In the Inverse Bubble framework, a new entrant (new business) emerges, and, over time, with its dynamic, evolving, and technologically advanced product/platform, it eats away at the existing market (defined by total addressable market $), capturing market share via its differentiated, more desirable product.
Coupang Eating Away At Its "Inverse Bubble"
- It's "Inverse" Because Coupang's Value (Market Cap) Is Small Relative To The Industry/TAM In Which It's Growing; Therefore, Coupang Collapses The Bubble Into Itself By Consuming Market Share And, Commensurately, Expands As The Bubble's Collapses Into Coupang's Revenue And Profits.
- Conversely, in a regular bubble, Coupang's market cap would dwarf the industry in which it's consuming market share, making the entire situation an unsustainable bubble where the business' value is set to collapse down to the size of the actual market.
A fantastic example of this investing framework/dynamic was Walmart (WMT) in the 1970s. Walmart introduced a vertically integrated retail concept that used technology and economies of scale to create the cheapest, most convenient shopping experience available to consumers. It employed technology at giant scale to facilitate this inexpensive, convenient shopping experience.
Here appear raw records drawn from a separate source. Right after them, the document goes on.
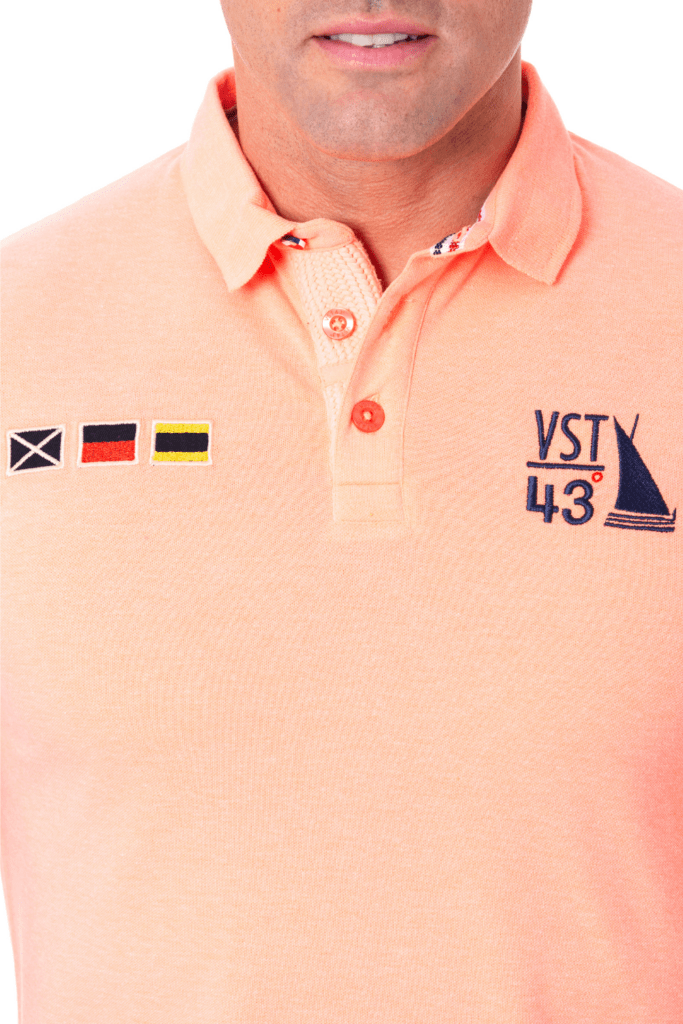 LEO polo Esprit Sud, coloris Fluo Orange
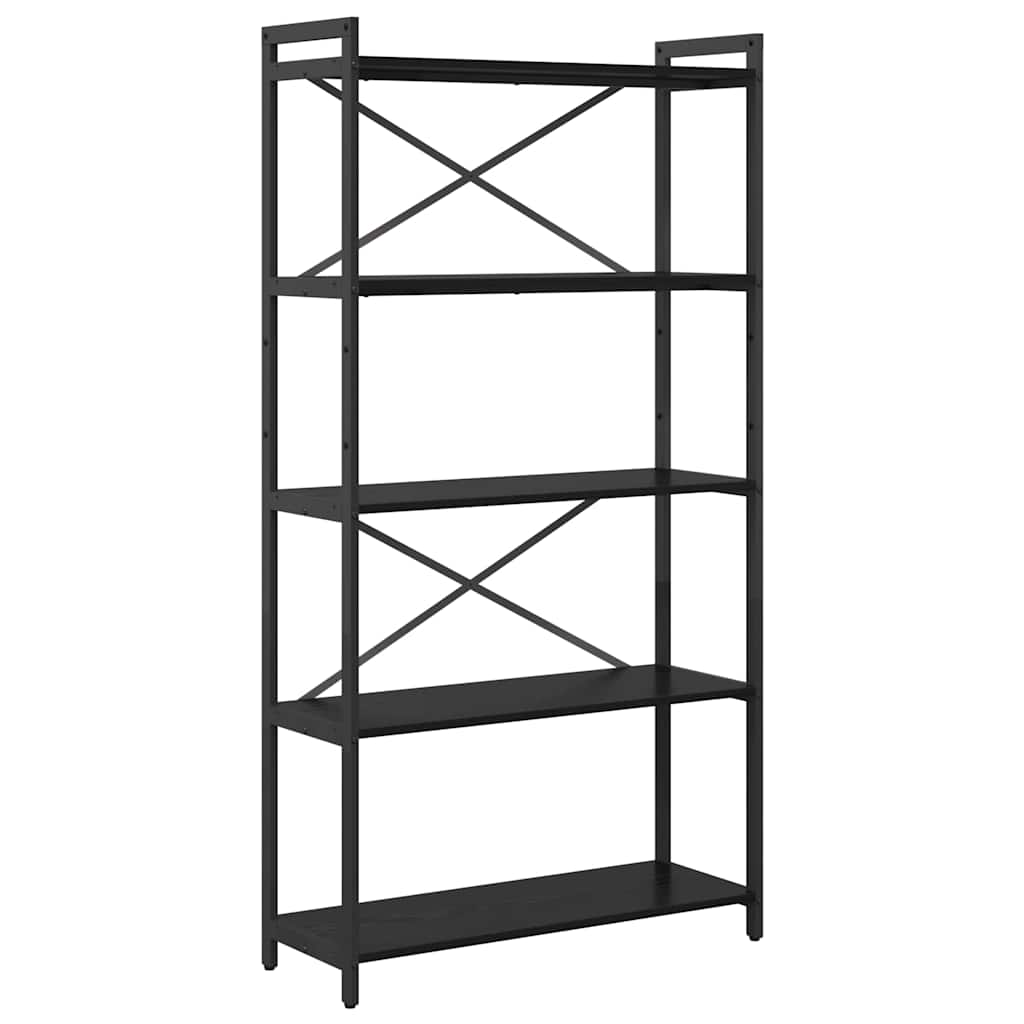 Bücherregal Schwarze Eiche 80 x 30 x 153 cm Holzwerkstoff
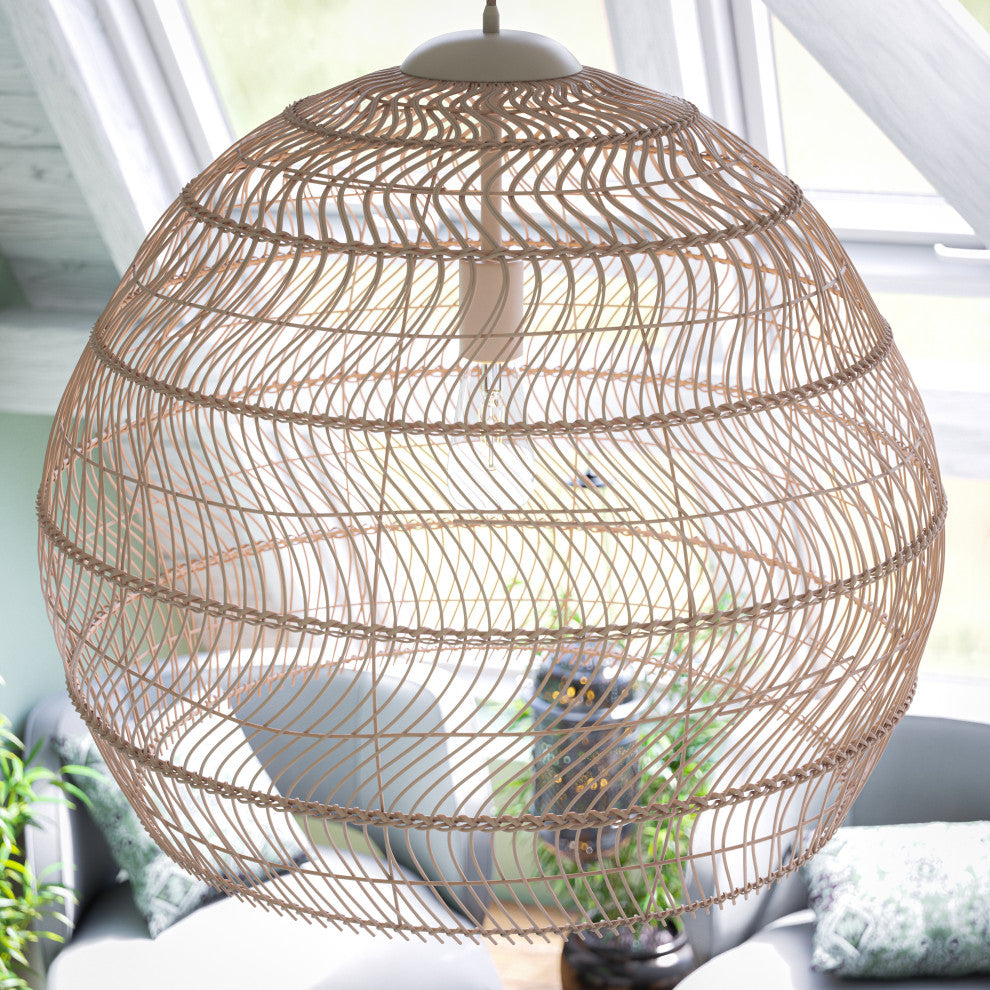 Kenroy 94058RAT 1-Light Pendant, Maverick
The incumbents of the retail industry, e.g., mom and pop grocers or department stores like Sears, fundamentally could not compete with Walmart's new and differentiated offering. (In the interest of brevity, I won't go into "The Innovator's Dilemma," which is often the basis for why incumbents struggle to compete with new entrants during this cycle of life and death, but this is worth noting, and I will discuss it in the future with you.).
Over time, Walmart gradually consumed this trillion dollar+ total addressable market (grew within its Inverse Bubble), and, today, it generates hundreds of billions in annual sales, much of which it took from the incumbent/aging businesses that, in accordance with the laws of nature, were to inevitably die. It was all a matter of the cycle of life and death for the retail industry, just as the industrial revolution catalyzed the death of the Catholic Church's grip on government in Europe, ushering in our current 19th-20th century nation-state paradigm.
It was all a matter of the cycle of life and death, just as this cycle of life and death plays out ubiquitously in our universe.